Exclude every picture. Output verbatim the lines from the one containing "Vepose Black Quilted" to the end of the data.

_COLLECTED MATERIAL:_
******************************

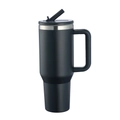 Matte black insulated 40oz car mug with handle and straw in stainless steel - 40oz / Black (Powder Coated)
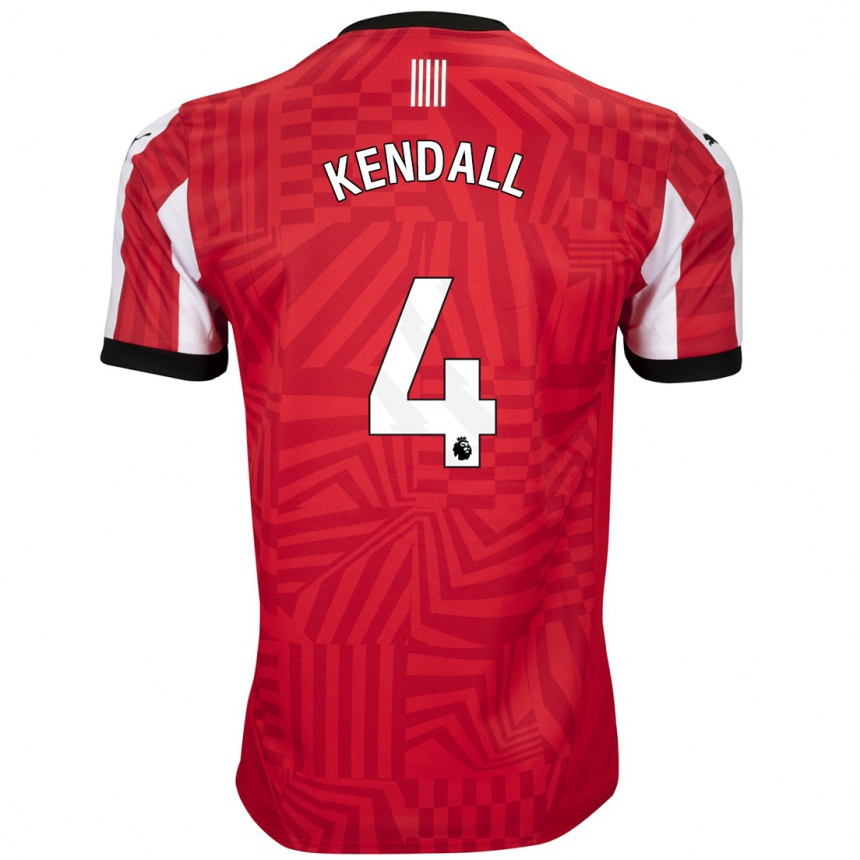 Niño Fútbol Camiseta Lucia Kendall #4 Rojo Blanco 1ª Equipación 2024/25 Perú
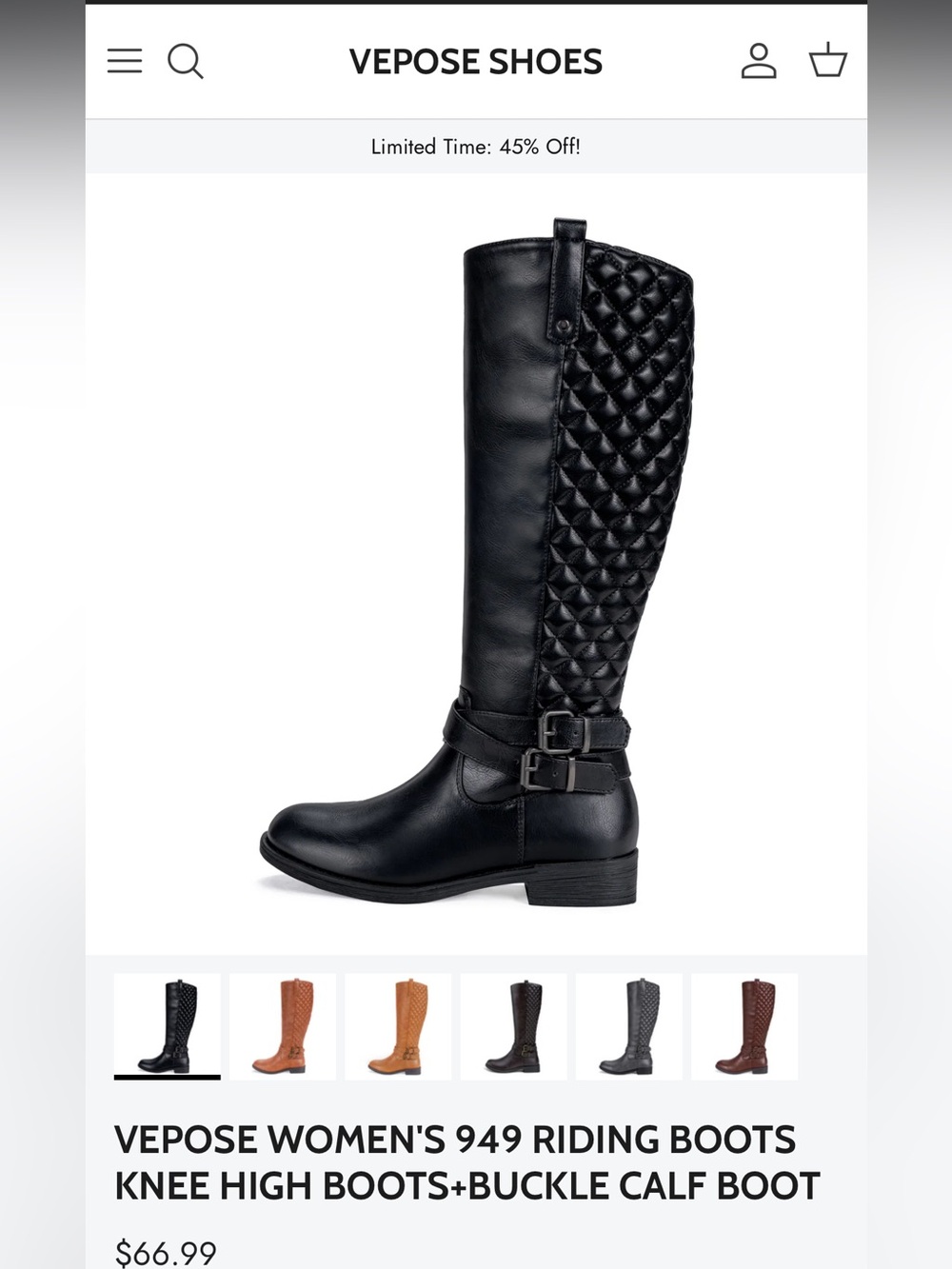 Vepose Black Quilted Over-the-Knee Buckle Boots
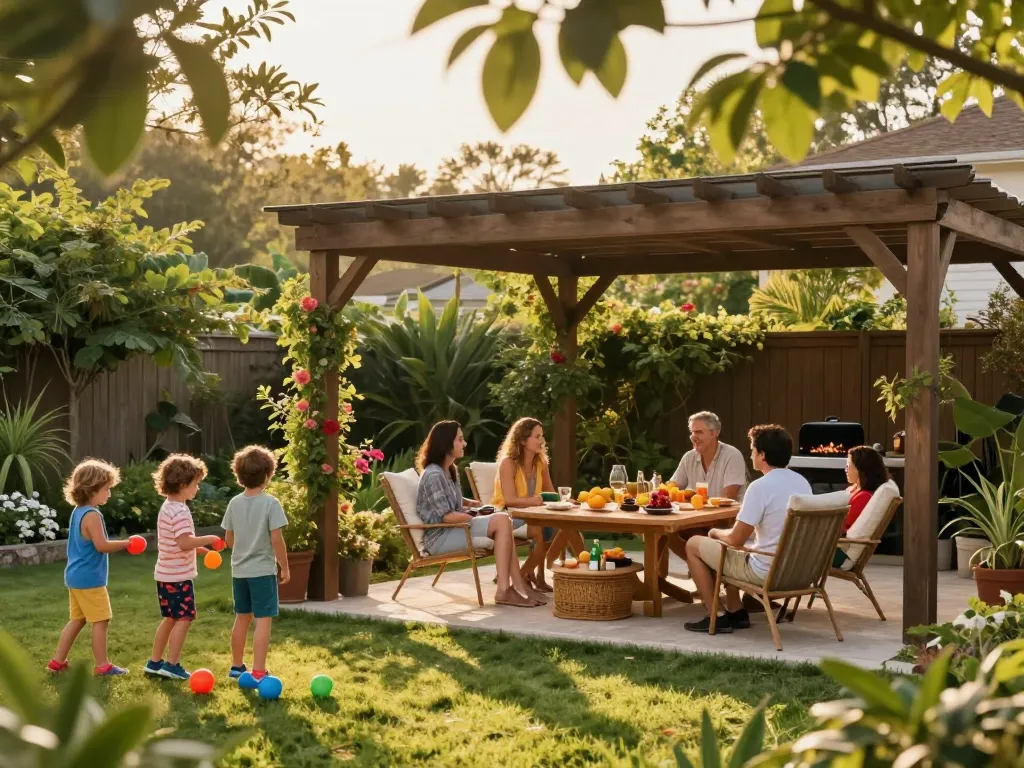 Custom pergola configurator enhancing outdoor family gatherings with sunlit patio and greenery.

******************************

_EXERCISE ANSWER:_
 Vepose Black Quilted Over-the-Knee Buckle Boots
 Custom pergola configurator enhancing outdoor family gatherings with sunlit patio and greenery.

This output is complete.